### PROVIDED DATA
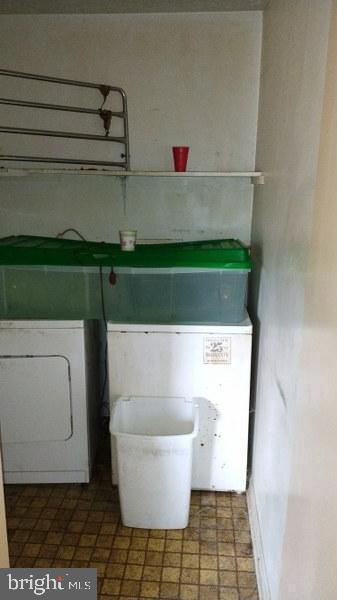 331 WICKHAM ST, SOUTH BOSTON, Virginia 24592, 2 Bedrooms Bedrooms, ,1 BathroomBathrooms,Residential,For sale,331 WICKHAM ST,VAHX2000106 MLS # VAHX2000106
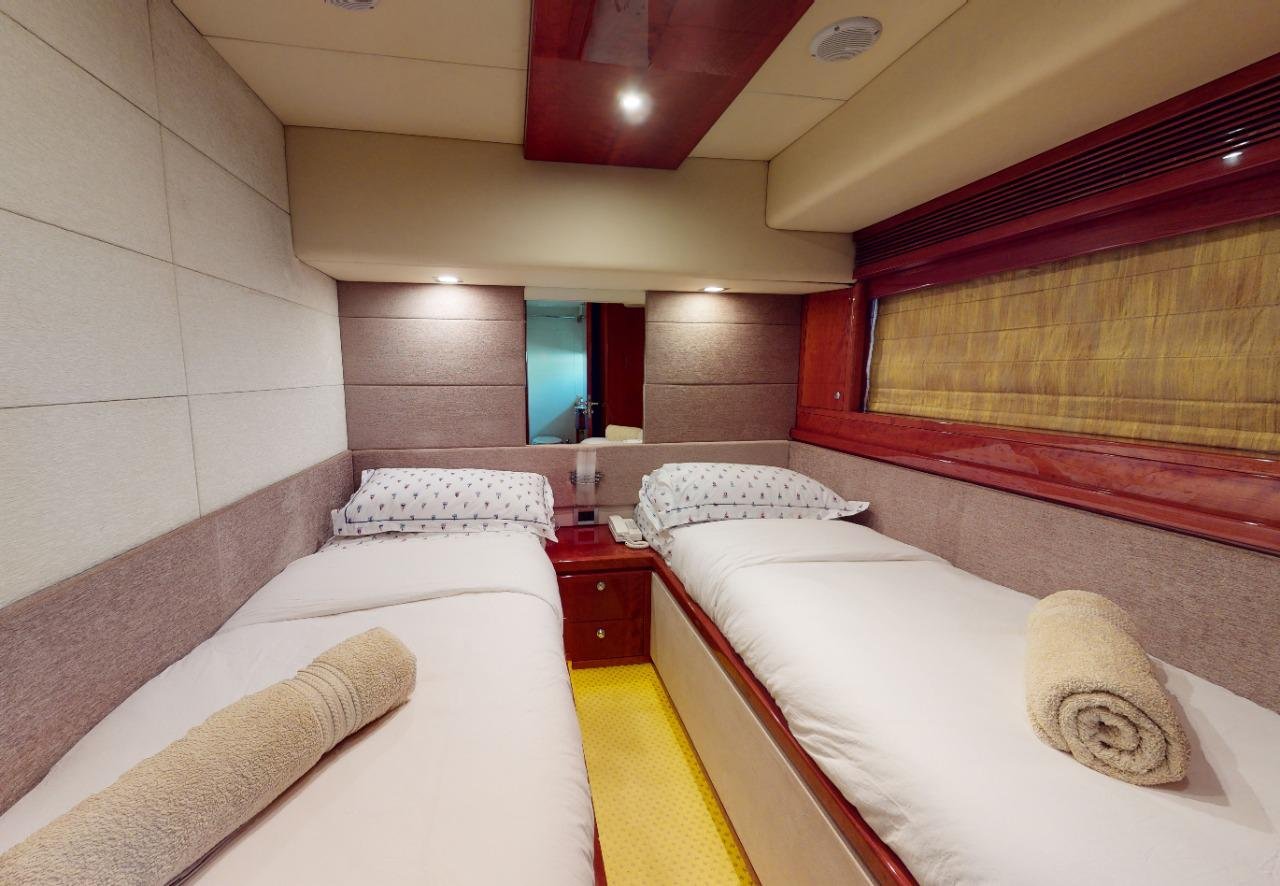 88 ft Majesty (от 3 часов, если с 15 до 19 часов в пятницу и субботу) — фото 11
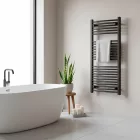Íves törölközőszárító radiátor 1200x600 mm fekete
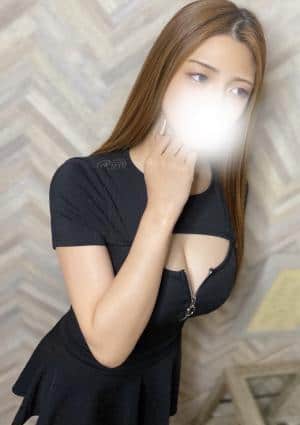 桐谷なぎさ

### EXERCISE REQUIREMENTS
Make an exact copy of the whole listing, but don't bring over any pictures.

### RESPONSE FOR THIS EXERCISE
 331 WICKHAM ST, SOUTH BOSTON, Virginia 24592, 2 Bedrooms Bedrooms, ,1 BathroomBathrooms,Residential,For sale,331 WICKHAM ST,VAHX2000106 MLS # VAHX2000106
 88 ft Majesty (от 3 часов, если с 15 до 19 часов в пятницу и субботу) — фото 11
Íves törölközőszárító radiátor 1200x600 mm fekete
 桐谷なぎさ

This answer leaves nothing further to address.